What the model does handle — constantly, unprompted, in every working session — is something anyone who talks to one has watched: it finds contradictions. Say one thing early in a conversation and something incompatible later, and it points at the pair. That is comparison by reading: no notation, just two statements and the noticing. The bet was that this skill might be sufficient.

So we split the delta in half. Saying which positions changed is a hash comparison — mechanical, exhaustive, impossible to get wrong. Showing how a position changed is rendering — expensive, fragile, format-dependent. We built the first half and let reading do the second: the disposition says where to look, the old content of what moved says what was there before, and the agent finds the difference the way it finds a contradiction in a conversation.

The experiments mark the boundary of that bet with some precision. Reading failed when the search space was the whole spec — two words lost in several pages, compared against a whole file. It worked when the search space was one position marked changed, read against its previous content. The model's reading is reliable at the scale the disposition reduces the problem to. The cheap signal is what shrinks the haystack until reading is enough.

On these first tests it was. The difference between missing a two-word change and applying it was not a better model, a better prompt, or a better ordering. It was a one-word attribute computed from two hashes.

What we do not know yet

Since the experiments above, disposition-guided regeneration has run in several real projects — on the order of ten regenerations across different codebases — and behaved correctly in every one. That is a consistent early record, and it is why we are writing this up. It is still not systematic measurement: no controlled comparison, no counting of failure rates, no variation of models. We want to be precise about the difference.

There are also scenarios the record does not yet cover. The changed-dependency cases we have seen resolved to "no change required" — we have not yet watched a change to an inherited constraint force real changes through the code, where the agent must trace implications rather than update an assertion. And we have not tested large changes that touch many positions, where the previous_* blocks grow — that is where the dilution risk lives: old content, delivered ahead of the current spec, competing with it for attention.

And one dependency deserves naming: the disposition tells the agent where to look, but noticing what changed within a position, and tracing what it implies for the code, is still the model's work. How well this holds depends on the capability of the model in use, and will move — in either direction — as models change. This is something to watch over time, with caution. But watching it so far has been the good kind of watching, and we are enthusiastic.

The two failure modes to watch pull in opposite directions. If anchoring persists, the remedy is a stronger signal — the finer, within-position delta we deferred. If dilution appears, the remedy is less prior content — the disposition tags without the old text at all. Because the remedies conflict, the failures have to be told apart before either is applied.

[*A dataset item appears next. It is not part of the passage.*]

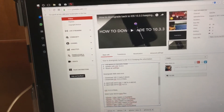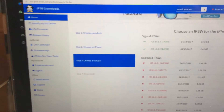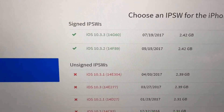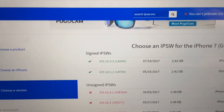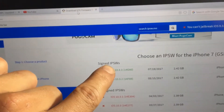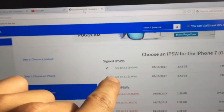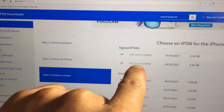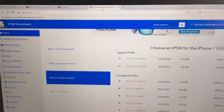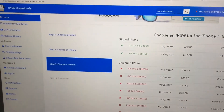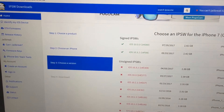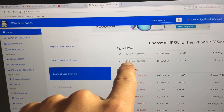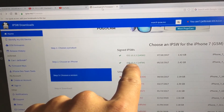You're going to go to IPSW.me and download iOS 10.3.2 and iOS 10.3.3. I'll provide this link in the description, but you have to go to that website and look for it. iOS 10.3.3 is the latest version that Apple is currently signing, and this is the one you need.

What we can say is narrower, and worth saying anyway. The remedy for anchoring used to be destructive: delete the artifact and regenerate from scratch, discarding the stability that keeping the artifact was meant to buy. Now there is a remedy that keeps the artifact and catches the change — at the cost of a gitignored cache and a hash comparison. Every regeneration so far has pointed the same way: we did not have to choose between stability and correctness.